Bellicheat was a bad bad boy

Here's an interesting article on this topic:

September 18, 2007

Bill Belichick's Interpretation

I continue to wait for one of the many commentators who love to call Patriots' coach Bill Belichick a "cheater" to explain how his conduct differs from the common "cheating" evident during every sports contest. Is intentional breaking of the rules "cheating"? If it is, then here's a story describing how the New York Jets cheated last week against the Ravens. Last night I witnessed members of the Washington Redskins cheat, trying to draw movement out of the Eagles' offensive line. (TSLP is ready to testify in the commissioner's hearing.) I also saw another cheater this past weekend: a wide receiver for the Colts tried to convince the referees he had caught a pass when clearly he had not. What is the world coming to? How quickly will next year's first round of the NFL Draft go, now that the Colts and Redskins will join the Patriots in forfeiting their picks? Or, maybe "cheating" is the wrong word to use to describe these violations?

In his answer to the NFL's accusation, Belichick spoke about "my interpretation of the rules." Reading as much as we can into this reference, Belichick implied that the league rule prohibiting videotaping was a matter of some ambiguity, and implied further that his transgression, far from being willful, was more a matter of reasonable difference and misinterpretation. Some commentators, seeing no possibility for ambiguity or interpretation in the rule, have become so worked up over Belichick's conduct that they think the Commissioner's unprecedented punishment is too lenient. Even the usually reliable Gregg Easterbrook has overheated, "imagining" that this event (along with Belichick's failure to get as worked up over it as Easterbrook is) might lead to the coach's lifetime banishment.

This is what happens when people practice law without a license. Let's take a look at the rule and see if Belichick has a point. Does he?

Yes. Whoever wrote this rule left a few matters in doubt. Should Belichick be banned just because someone working at the NFL lacks a command of the language?

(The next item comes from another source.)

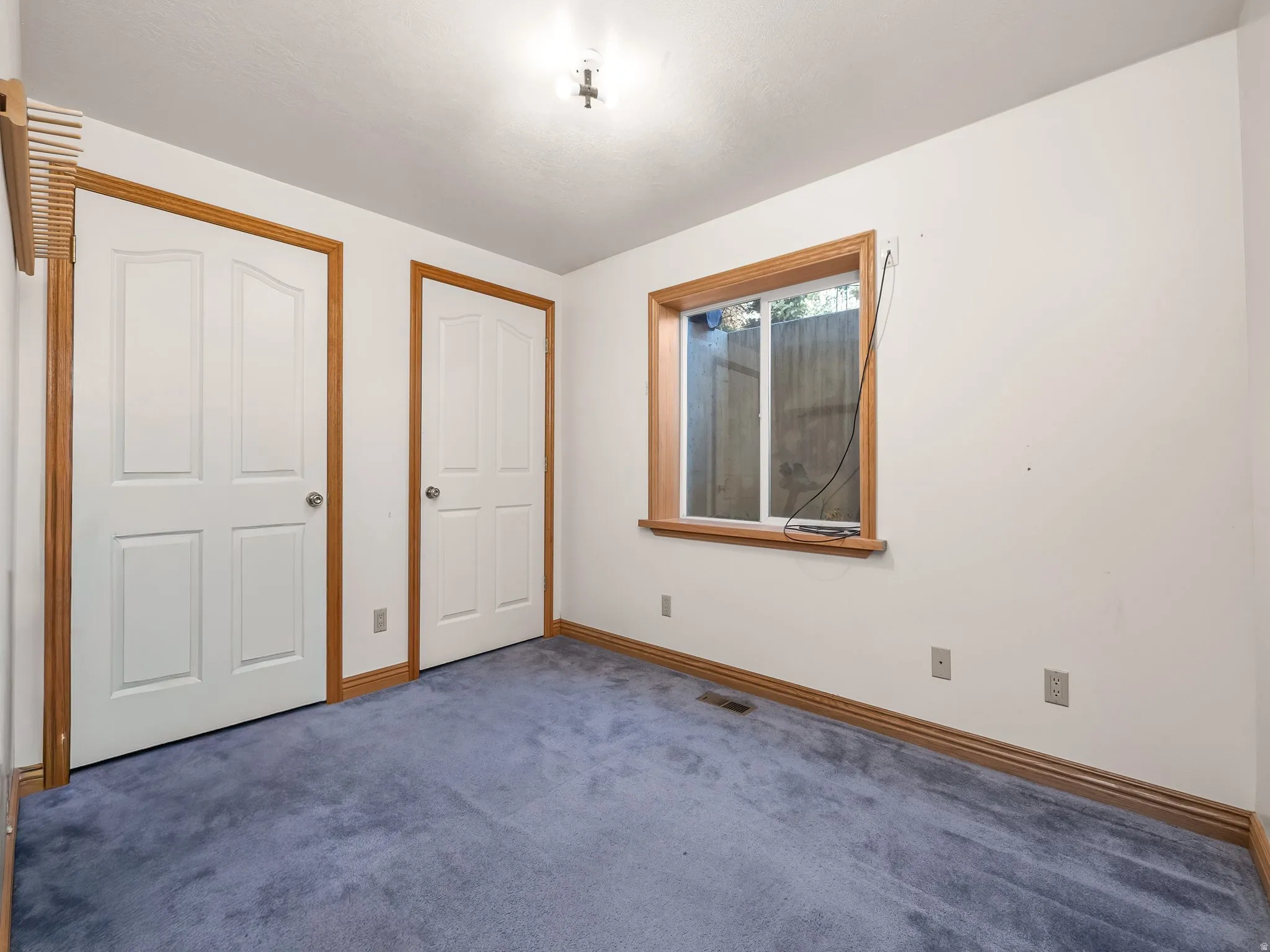 Unfurnished bedroom featuring carpet floors and baseboards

1. The NFL's "Game Operations Manual" states (according to the NFL press release; I couldn't find a copy of the Manual) that "no video recording devices of any kind are permitted to be in use in the coaches' booth, on the field, or in the locker room during the game" and that all video shooting locations for club coaching purposes "must be enclosed on all sides with a roof overhead."

2. Start with the second clause of the sentence, after the "and." This statement implies, clearly to me, that some in-game video will be allowed for "club coaching purposes," and that video taken for this purpose, that is, for in-game use, must be video that originates from locations enclosed on all sides with a roof. Indeed, often we see players and coaches on the sidelines during NFL games examining photographs of formations and plays taken from vantage points presumably high in the stadium, from enclosed places.

3. Now look at the first clause. It says no video recording devices are permitted to be "in use" during the game. But we already know that some video recording devices (those from certain enclosed locations) may be used during the game for "coaching purposes." So, for in-game coaching, a coach may only use the "enclosed location" videos.

4. What about for "out-of game" coaching, like during the practice week? The rule says "no video recording" may be "in use" "during the game": they may not be used, as the rule says, "in the coaches' booth, on the field, or in the locker room," at least not "during the game." The rule implies, fairly if not unambiguously, that teams may in fact make video recordings from locations other than the "enclosures" as long as those video recordings are not used "during the game."

5. Indeed, that's the better interpretation of this rule. If the rule were "no video recordings allowed except those from the designated enclosures," then why do we need all the language concerning "in-game" use? Why the words about "the coaches' booth," "the field," and so forth? Under standards of legal construction, all words must be given a plausible meaning, if one is available. In other words, we are to try to avoid surplusage (wasted words). With respect to the NFL, the better interpretation of this mess of a rule is that some video recordings (those from enclosures) may be used during games, while other video recordings (from outside these enclosures) may not be used during games, but may be made and used otherwise.

6. Now, I realize that other, plausible interpretations of this rule are available. The rule may be intended to mean "no video recording except from enclosures" (if so, the rule has a lot of surplusage), or could mean "no video at all during games, but photographs are not video" (if so, even more surplusage), or perhaps "use" of video means "not only not watching video, but also not even making the video" (if so, then we need a lot more words defining "use"). I'm not saying Belichick didn't interpret the rules aggressively and in his favor. I'm also not saying taxpayers, lawyers and regulators don't do the same, every day. When one is dealing with a rule, what's not prohibited is impliedly permitted. Belichick took an aggressive position and paid the penalty for his interpretation. He admitted as much, and said he was punished for his interpretation. But please don't say the man had no leg to stand on here. Don't call him a cheater for adopting a plausible interpretation of a very ambiguous rule.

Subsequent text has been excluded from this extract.